§ Your objective: Set down the listing below again, exactly as written.

§ Material provided:

--------

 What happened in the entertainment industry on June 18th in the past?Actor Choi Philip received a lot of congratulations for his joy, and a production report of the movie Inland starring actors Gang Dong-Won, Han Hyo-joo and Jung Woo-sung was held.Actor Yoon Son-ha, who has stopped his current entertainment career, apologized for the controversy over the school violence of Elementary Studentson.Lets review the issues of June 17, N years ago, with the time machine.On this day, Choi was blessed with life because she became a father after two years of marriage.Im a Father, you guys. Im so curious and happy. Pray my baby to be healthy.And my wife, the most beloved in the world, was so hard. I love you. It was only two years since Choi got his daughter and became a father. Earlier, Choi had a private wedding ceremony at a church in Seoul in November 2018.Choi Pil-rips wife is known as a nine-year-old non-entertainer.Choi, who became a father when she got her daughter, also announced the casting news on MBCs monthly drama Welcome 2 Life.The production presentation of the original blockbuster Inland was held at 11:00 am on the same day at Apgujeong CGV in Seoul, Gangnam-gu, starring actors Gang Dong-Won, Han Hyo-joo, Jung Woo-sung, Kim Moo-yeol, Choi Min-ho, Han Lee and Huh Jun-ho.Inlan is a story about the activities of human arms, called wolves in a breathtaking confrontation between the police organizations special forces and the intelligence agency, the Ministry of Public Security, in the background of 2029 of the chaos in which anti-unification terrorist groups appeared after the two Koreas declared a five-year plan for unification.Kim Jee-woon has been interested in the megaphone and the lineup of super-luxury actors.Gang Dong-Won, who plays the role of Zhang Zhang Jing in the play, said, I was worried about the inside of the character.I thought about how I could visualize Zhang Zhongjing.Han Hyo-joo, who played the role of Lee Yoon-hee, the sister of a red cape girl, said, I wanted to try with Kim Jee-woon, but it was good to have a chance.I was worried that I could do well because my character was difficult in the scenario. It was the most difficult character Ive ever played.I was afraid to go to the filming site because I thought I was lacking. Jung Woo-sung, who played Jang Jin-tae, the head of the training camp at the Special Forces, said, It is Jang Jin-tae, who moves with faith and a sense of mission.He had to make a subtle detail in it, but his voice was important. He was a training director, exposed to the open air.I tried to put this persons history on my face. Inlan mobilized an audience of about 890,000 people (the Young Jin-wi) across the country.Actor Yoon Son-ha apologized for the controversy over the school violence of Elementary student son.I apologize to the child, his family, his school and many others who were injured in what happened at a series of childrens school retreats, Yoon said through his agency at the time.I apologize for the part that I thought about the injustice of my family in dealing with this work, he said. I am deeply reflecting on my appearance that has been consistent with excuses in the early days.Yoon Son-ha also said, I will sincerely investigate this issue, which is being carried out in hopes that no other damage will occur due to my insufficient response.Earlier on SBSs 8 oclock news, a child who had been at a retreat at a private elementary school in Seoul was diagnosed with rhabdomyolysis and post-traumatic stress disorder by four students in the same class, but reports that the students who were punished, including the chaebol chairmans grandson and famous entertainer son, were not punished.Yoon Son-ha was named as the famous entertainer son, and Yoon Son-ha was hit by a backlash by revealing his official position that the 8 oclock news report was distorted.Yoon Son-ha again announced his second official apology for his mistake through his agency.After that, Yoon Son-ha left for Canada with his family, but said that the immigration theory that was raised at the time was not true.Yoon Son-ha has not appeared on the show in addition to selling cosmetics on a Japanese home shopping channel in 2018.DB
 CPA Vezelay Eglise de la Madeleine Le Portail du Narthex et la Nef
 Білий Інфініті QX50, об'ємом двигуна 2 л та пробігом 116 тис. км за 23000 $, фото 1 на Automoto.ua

--------

§ Answer:
 What happened in the entertainment industry on June 18th in the past?Actor Choi Philip received a lot of congratulations for his joy, and a production report of the movie Inland starring actors Gang Dong-Won, Han Hyo-joo and Jung Woo-sung was held.Actor Yoon Son-ha, who has stopped his current entertainment career, apologized for the controversy over the school violence of Elementary Studentson.Lets review the issues of June 17, N years ago, with the time machine.On this day, Choi was blessed with life because she became a father after two years of marriage.Im a Father, you guys. Im so curious and happy. Pray my baby to be healthy.And my wife, the most beloved in the world, was so hard. I love you. It was only two years since Choi got his daughter and became a father. Earlier, Choi had a private wedding ceremony at a church in Seoul in November 2018.Choi Pil-rips wife is known as a nine-year-old non-entertainer.Choi, who became a father when she got her daughter, also announced the casting news on MBCs monthly drama Welcome 2 Life.The production presentation of the original blockbuster Inland was held at 11:00 am on the same day at Apgujeong CGV in Seoul, Gangnam-gu, starring actors Gang Dong-Won, Han Hyo-joo, Jung Woo-sung, Kim Moo-yeol, Choi Min-ho, Han Lee and Huh Jun-ho.Inlan is a story about the activities of human arms, called wolves in a breathtaking confrontation between the police organizations special forces and the intelligence agency, the Ministry of Public Security, in the background of 2029 of the chaos in which anti-unification terrorist groups appeared after the two Koreas declared a five-year plan for unification.Kim Jee-woon has been interested in the megaphone and the lineup of super-luxury actors.Gang Dong-Won, who plays the role of Zhang Zhang Jing in the play, said, I was worried about the inside of the character.I thought about how I could visualize Zhang Zhongjing.Han Hyo-joo, who played the role of Lee Yoon-hee, the sister of a red cape girl, said, I wanted to try with Kim Jee-woon, but it was good to have a chance.I was worried that I could do well because my character was difficult in the scenario. It was the most difficult character Ive ever played.I was afraid to go to the filming site because I thought I was lacking. Jung Woo-sung, who played Jang Jin-tae, the head of the training camp at the Special Forces, said, It is Jang Jin-tae, who moves with faith and a sense of mission.He had to make a subtle detail in it, but his voice was important. He was a training director, exposed to the open air.I tried to put this persons history on my face. Inlan mobilized an audience of about 890,000 people (the Young Jin-wi) across the country.Actor Yoon Son-ha apologized for the controversy over the school violence of Elementary student son.I apologize to the child, his family, his school and many others who were injured in what happened at a series of childrens school retreats, Yoon said through his agency at the time.I apologize for the part that I thought about the injustice of my family in dealing with this work, he said. I am deeply reflecting on my appearance that has been consistent with excuses in the early days.Yoon Son-ha also said, I will sincerely investigate this issue, which is being carried out in hopes that no other damage will occur due to my insufficient response.Earlier on SBSs 8 oclock news, a child who had been at a retreat at a private elementary school in Seoul was diagnosed with rhabdomyolysis and post-traumatic stress disorder by four students in the same class, but reports that the students who were punished, including the chaebol chairmans grandson and famous entertainer son, were not punished.Yoon Son-ha was named as the famous entertainer son, and Yoon Son-ha was hit by a backlash by revealing his official position that the 8 oclock news report was distorted.Yoon Son-ha again announced his second official apology for his mistake through his agency.After that, Yoon Son-ha left for Canada with his family, but said that the immigration theory that was raised at the time was not true.Yoon Son-ha has not appeared on the show in addition to selling cosmetics on a Japanese home shopping channel in 2018.DB
 CPA Vezelay Eglise de la Madeleine Le Portail du Narthex et la Nef
 Білий Інфініті QX50, об'ємом двигуна 2 л та пробігом 116 тис. км за 23000 $, фото 1 на Automoto.ua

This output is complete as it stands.